Royal London discovered that divorce pension splits for women who divorce are left with less than one third of the average pension wealth of married couples, with the average divorced woman over 50 having pension wealth of £131,000, compared to £454,000 for the average married couple.
Is this made up for by having a greater share of property? According to the research, this is not the case, with the average divorced woman over 50 ending up with less than half of the property wealth of married couples of the same age (£359,000 for married couples in comparison to £169,000 for divorced women).
Royal London rightly point out that understanding a pension’s true value can be a complex business. Unfortunately, putting pensions to the bottom of the divorce ‘to-do’ list, or worse, ignoring them altogether when negotiating a financial settlement, can result in people missing out on a share of what is often a highly valuable asset. In fact, it is not unusual for pensions to be worth more than the family home.

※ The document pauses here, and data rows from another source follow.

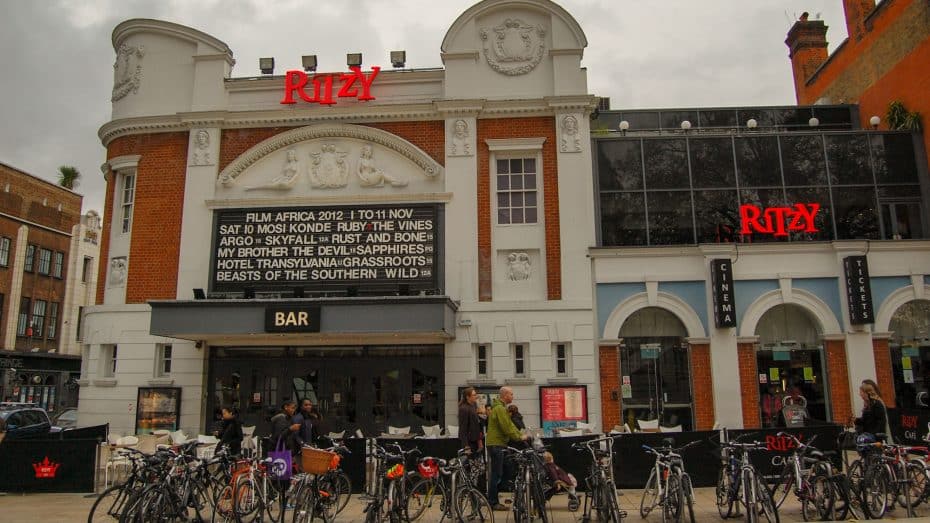 Located in South London, Brixton is celebrated for its Afro-Caribbean culture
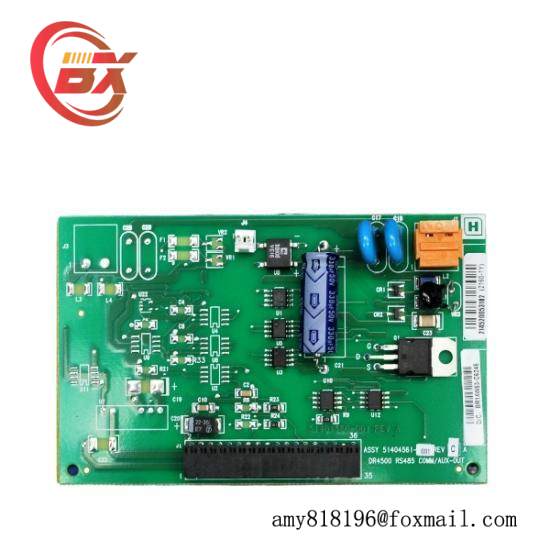 Honeywell 51404561-001  Auxiliary Output Board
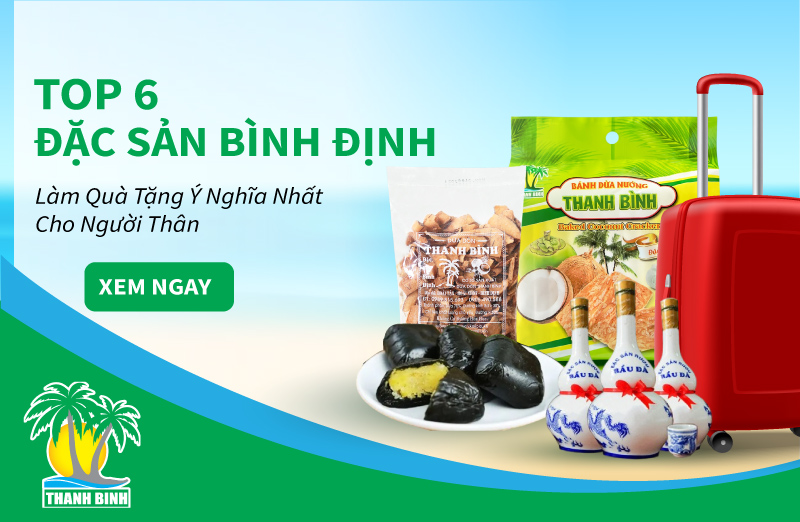 Đặc sản Bình Định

Royal London Director of Policy, Steve Webb, described divorced women as the poor relations “when it comes to pensions wealth in later life”.
“When couples split up there is an understandable focus on family issues and on highly visible assets such as the family home. But very often one partner will have pension rights which are less visible but can be just as valuable and people need to take expert financial advice
on this crucial issue.”
The court’s starting point for the division of assets upon divorce is a 50/50 split. This includes pensions. The courts are able to order that one spouse gives the other a proportion of their pension/s.
While dividing or sharing pensions may not be right in every instance, knowing the value of the pension/s is a vital part of ensuring you have a fair financial settlement.
Understanding how much any pensions are worth could enable you, for example, to offset the value of your spouse’s pensions against other assets. Pension offsetting is where one spouse gets a greater share of the other asset/s, in order to make up for the fact they are not getting a share of the pension/s. For example, one person could agree to a larger share of the family home and in exchange, the other person could keep the pension for themselves.
In order to make an informed decision about how to deal with pensions upon divorce, it is vital to understand the true value of any pension/s. It’s highly recommended that you seek expert legal advice about what can be a highly complex issue.